EXERCISE:
This exercise calls for all the entries that follow to be set down exactly, without their images.

Collected data entries
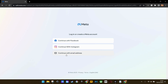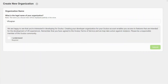From here they're going to want you to sign in, so go ahead and sign in. Once you're signed in, it's going to bring you to the organization name page. You can put anything you want in here as long as it's not already taken — I'm going to put my channel's name — and then click 'I understand what's required' and submit.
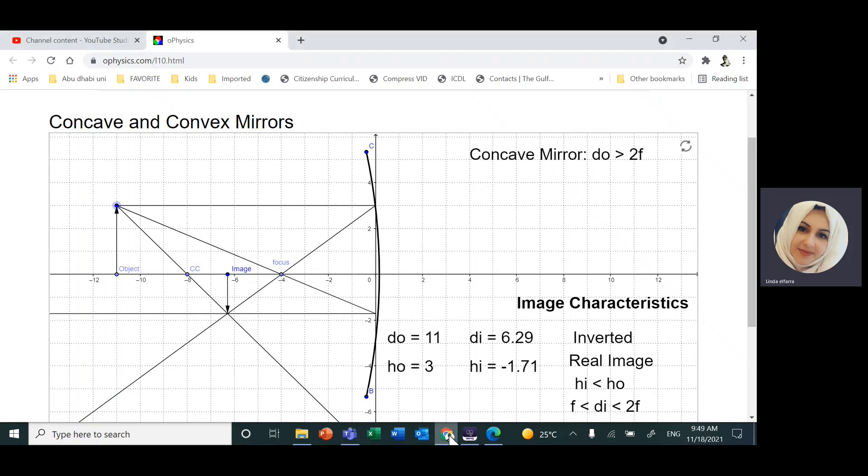We're going to learn how to draw and locate the image position by using a ray diagram.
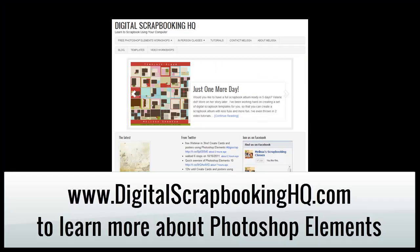Would you like to see more Photoshop Elements video tutorials? Visit digitalscrapbookinghq.com for more tips, tutorials and free online workshops.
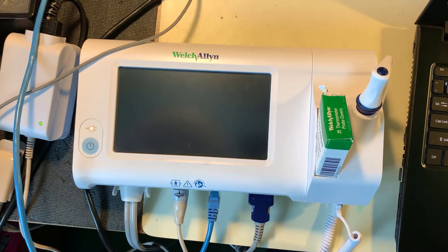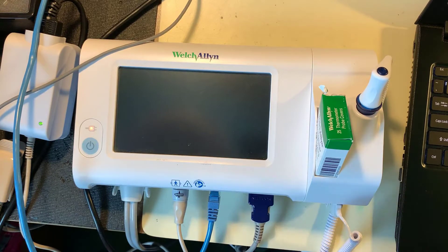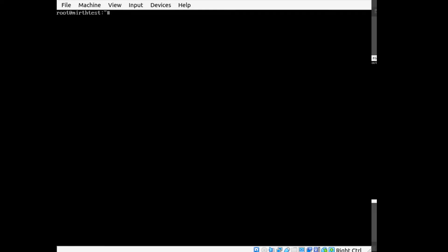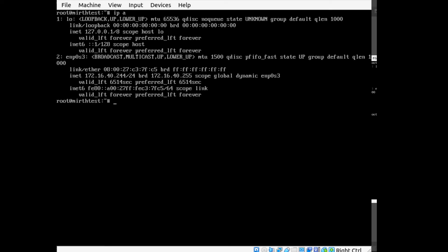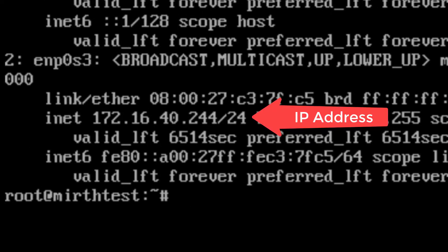Okay, so now back to where we were before. Go ahead and connect the Welch Allyn to our virtual machine. So on our virtual machine, we're logged in. We can type in IPA and underneath here you can see our IP address under INET. So mine right now is 172.16.40.244.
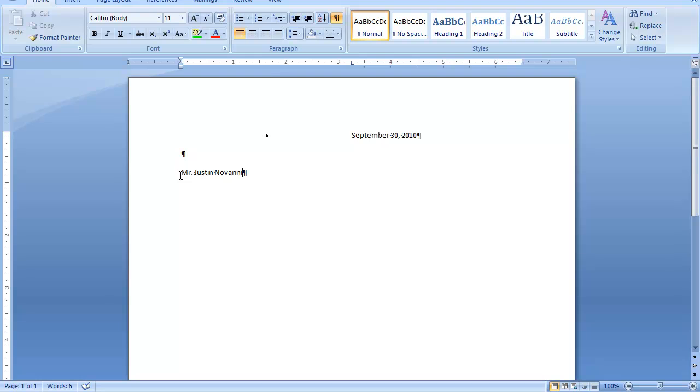So, because of that, I'm going to use what's called a line break. And the easiest way to get to a line break is to hold down your shift key and press enter.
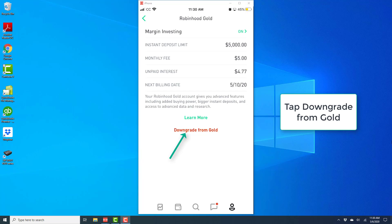And on the next screen tap on downgrade from gold to downgrade Robinhood Gold to instant.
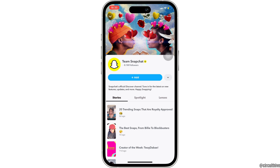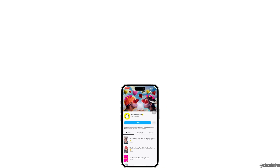That's all for today, and this is simply how you can get rid of Team Snapchat. Make sure to smash the like button and consider subscribing if you found this video helpful. We'll see you in the next one.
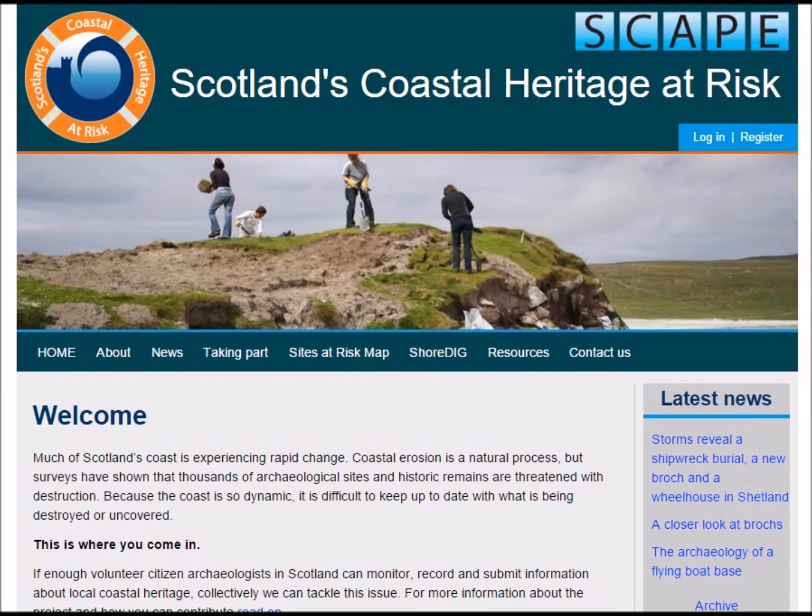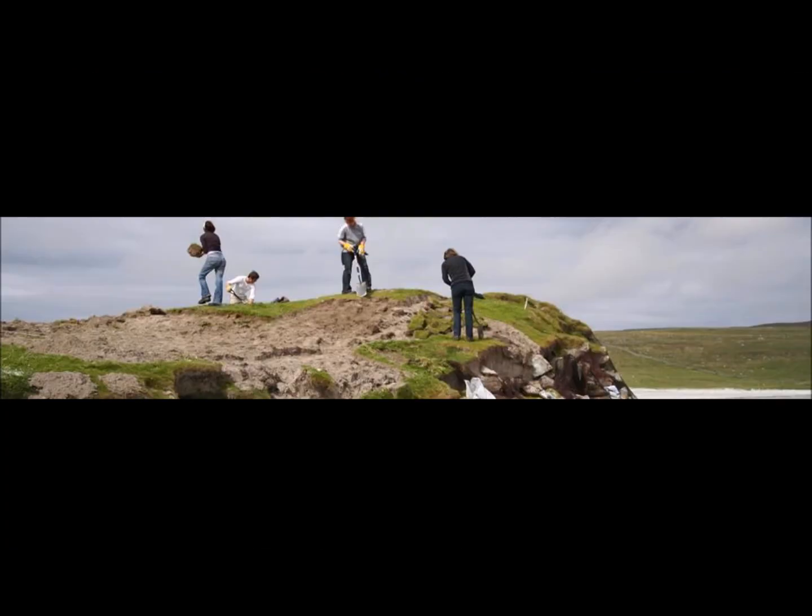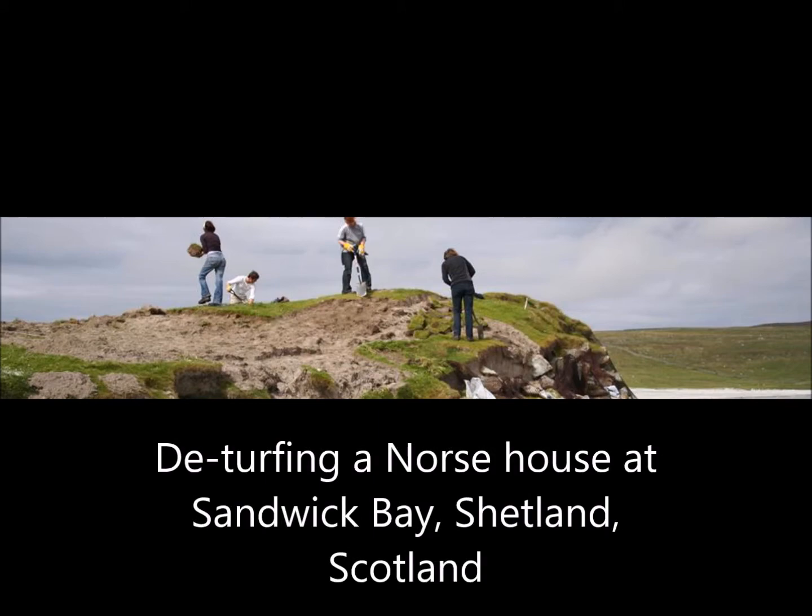If you type 'Scotland's Coastal Heritage at Risk' into any search engine you'll find us, and then you can join us. We recruit, train, and support volunteers to help us update records.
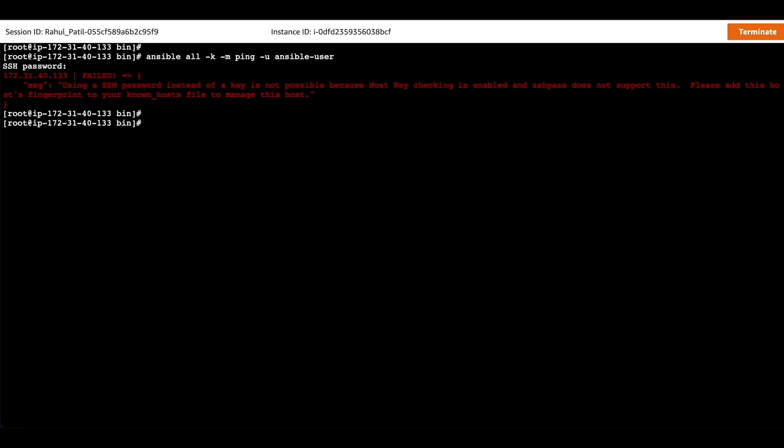To avoid the error we need to make a small change in the Ansible configuration file. We need to uncomment a line of host key checking.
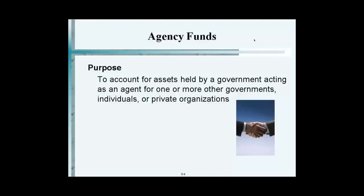Within the agency fund itself, when a government collects taxes on behalf of another government, that is an agency fund. For instance, New Jersey receives Hurricane Sandy money from the federal government and it's passed through to the local municipality — that's an agency relationship. It comes and goes. You have no ownership, no decision-making capacity, nothing whatsoever.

WRITTEN ANSWER:
From here they're going to want you to sign in, so go ahead and sign in. Once you're signed in, it's going to bring you to the organization name page. You can put anything you want in here as long as it's not already taken — I'm going to put my channel's name — and then click 'I understand what's required' and submit.
We're going to learn how to draw and locate the image position by using a ray diagram.
Would you like to see more Photoshop Elements video tutorials? Visit digitalscrapbookinghq.com for more tips, tutorials and free online workshops.
Okay, so now back to where we were before. Go ahead and connect the Welch Allyn to our virtual machine. So on our virtual machine, we're logged in. We can type in IPA and underneath here you can see our IP address under INET. So mine right now is 172.16.40.244.
So, because of that, I'm going to use what's called a line break. And the easiest way to get to a line break is to hold down your shift key and press enter.
And on the next screen tap on downgrade from gold to downgrade Robinhood Gold to instant.
That's all for today, and this is simply how you can get rid of Team Snapchat. Make sure to smash the like button and consider subscribing if you found this video helpful. We'll see you in the next one.
If you type 'Scotland's Coastal Heritage at Risk' into any search engine you'll find us, and then you can join us. We recruit, train, and support volunteers to help us update records.
To avoid the error we need to make a small change in the Ansible configuration file. We need to uncomment a line of host key checking.
Within the agency fund itself, when a government collects taxes on behalf of another government, that is an agency fund. For instance, New Jersey receives Hurricane Sandy money from the federal government and it's passed through to the local municipality — that's an agency relationship. It comes and goes. You have no ownership, no decision-making capacity, nothing whatsoever.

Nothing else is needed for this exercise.